Also was wäre der Unterschied?


----------



## k-b (21. Dezember 2009)

*AW: ubuntus firefox löschen.*

DAs entfernt nur das Programm, aber die Einstellungsdateien unter deinem Benutzer bleiben dann. Bei einer erneuten Installation kbrauchst du dann nix mehr einstellen


----------



## seiLaut (22. Dezember 2009)

*AW: ubuntus firefox löschen.*

Ups, da fehlt was in meiner Frage. 
Ich wollte den Unterschied zwischen purge und remove wissen.


----------



## RaggaMuffin (22. Dezember 2009)

*AW: ubuntus firefox löschen.*

wollt nur nochmal danke für eure hilfe sagen...
die firefox informationen sind so gut wie weg das notebook übrigens auch.

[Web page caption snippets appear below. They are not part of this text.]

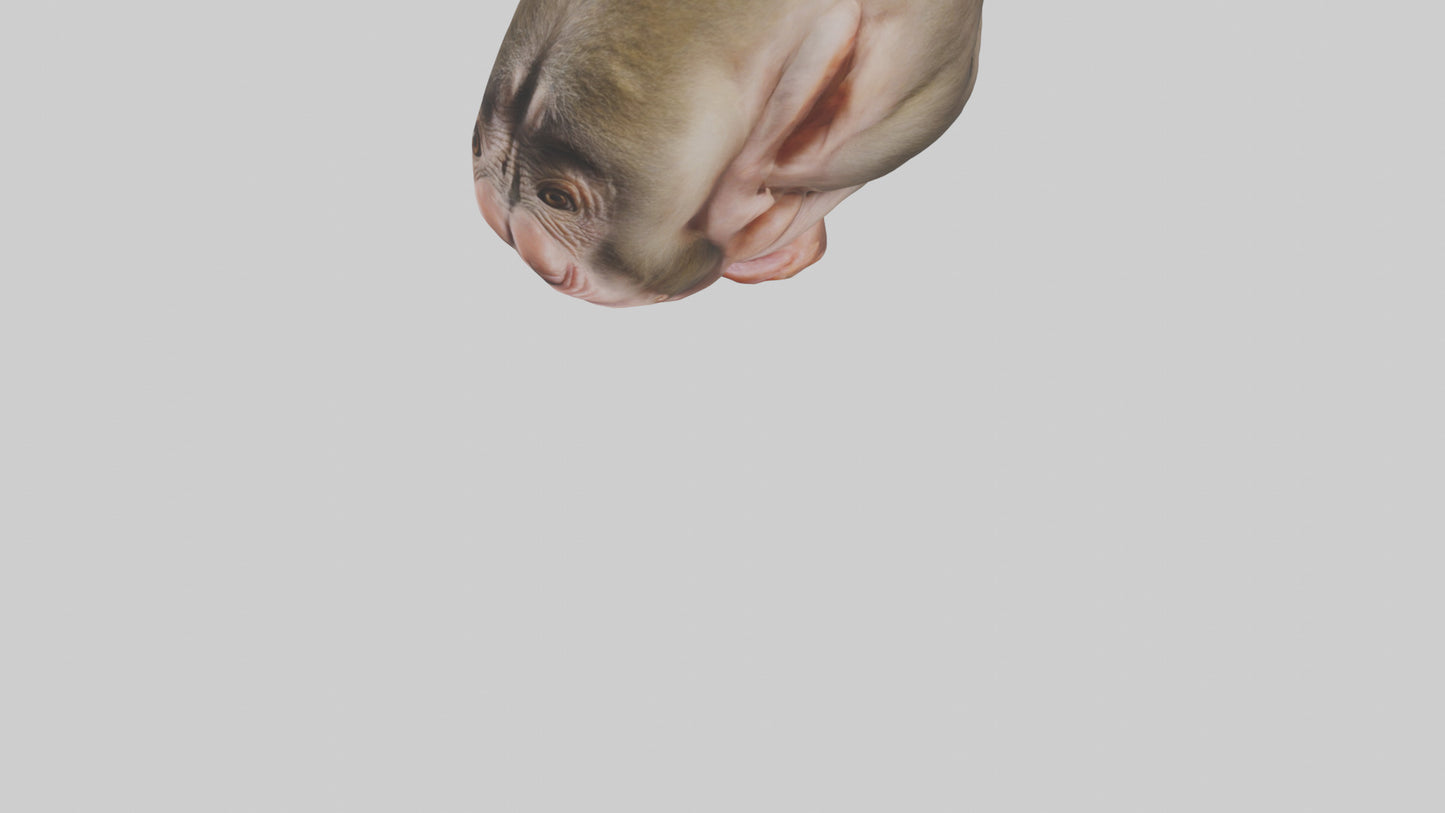 Monkey Stomach 3D model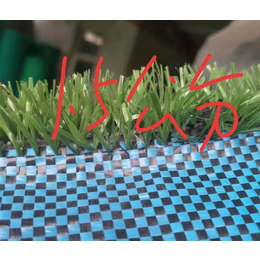 人造草坪公司-巨东化纤(在线咨询)-舒兰人造草坪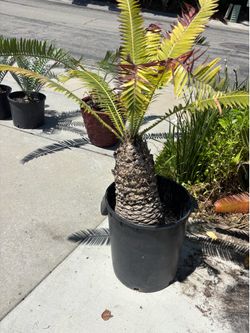 Dioon Spinulosum trunking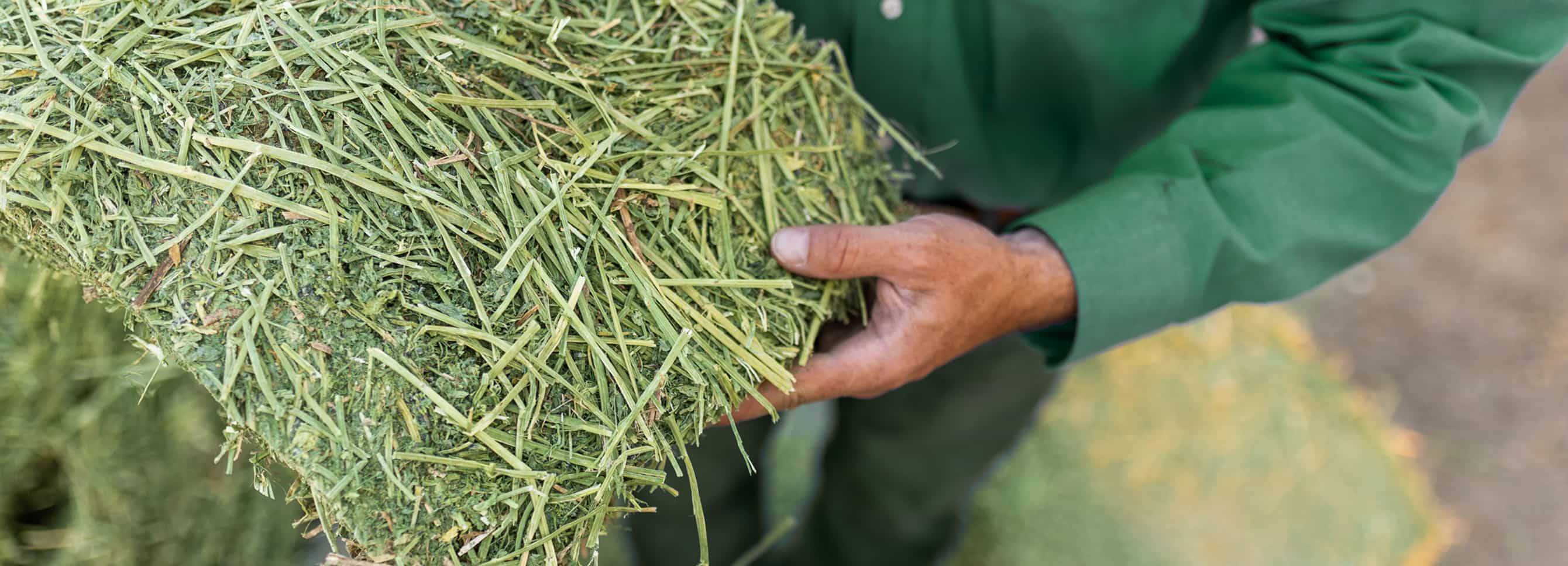 How to Extend Your Horses Hay Supply When Pasture Is Limited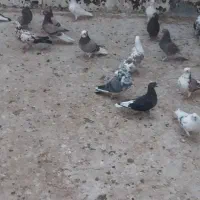 کبوترپرشی|پرنده|قم, آزادگان|دیوار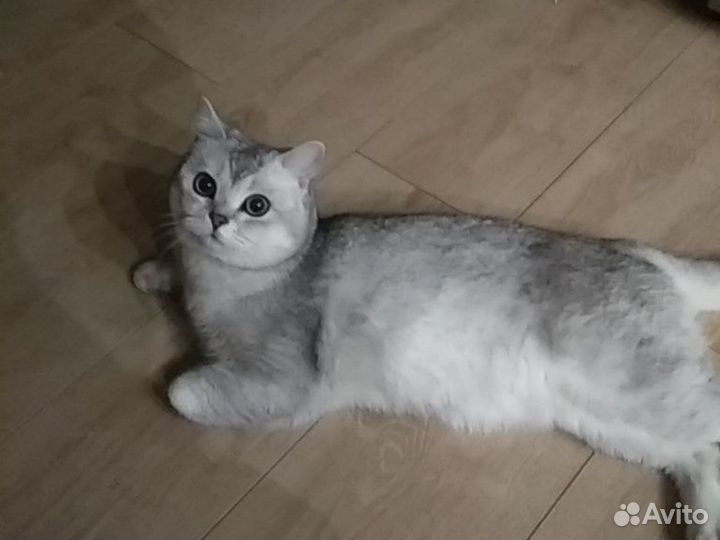 Британский кот, вязка опытным котом, найдет подход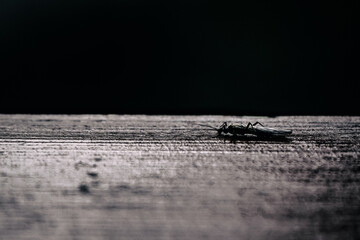 Insect sitting on wooden board in evening light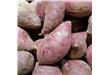紫薯的功效和食用方法及禁忌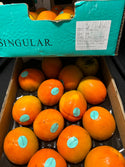 Spain Kakis / Persimmons X-Large (Set of 3)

mein thread darf beendet werden.


----------



## Bauer87 (22. Dezember 2009)

*AW: ubuntus firefox löschen.*

Purge löscht nur die systemweiten Konfigurationen (z.B. in /etc/ ). Benutzereinstellungen bleiben in jedem Fall erhalten, wenn man apt nutzt.


----------



## KempA (23. Dezember 2009)

*AW: ubuntus firefox löschen.*

drück im direfox einfach auf "extras", dann "auf neueste chronik löschen" und da wählst du einfach alles aus und drückst jetzt "löschen"... und schon ist alles weg


----------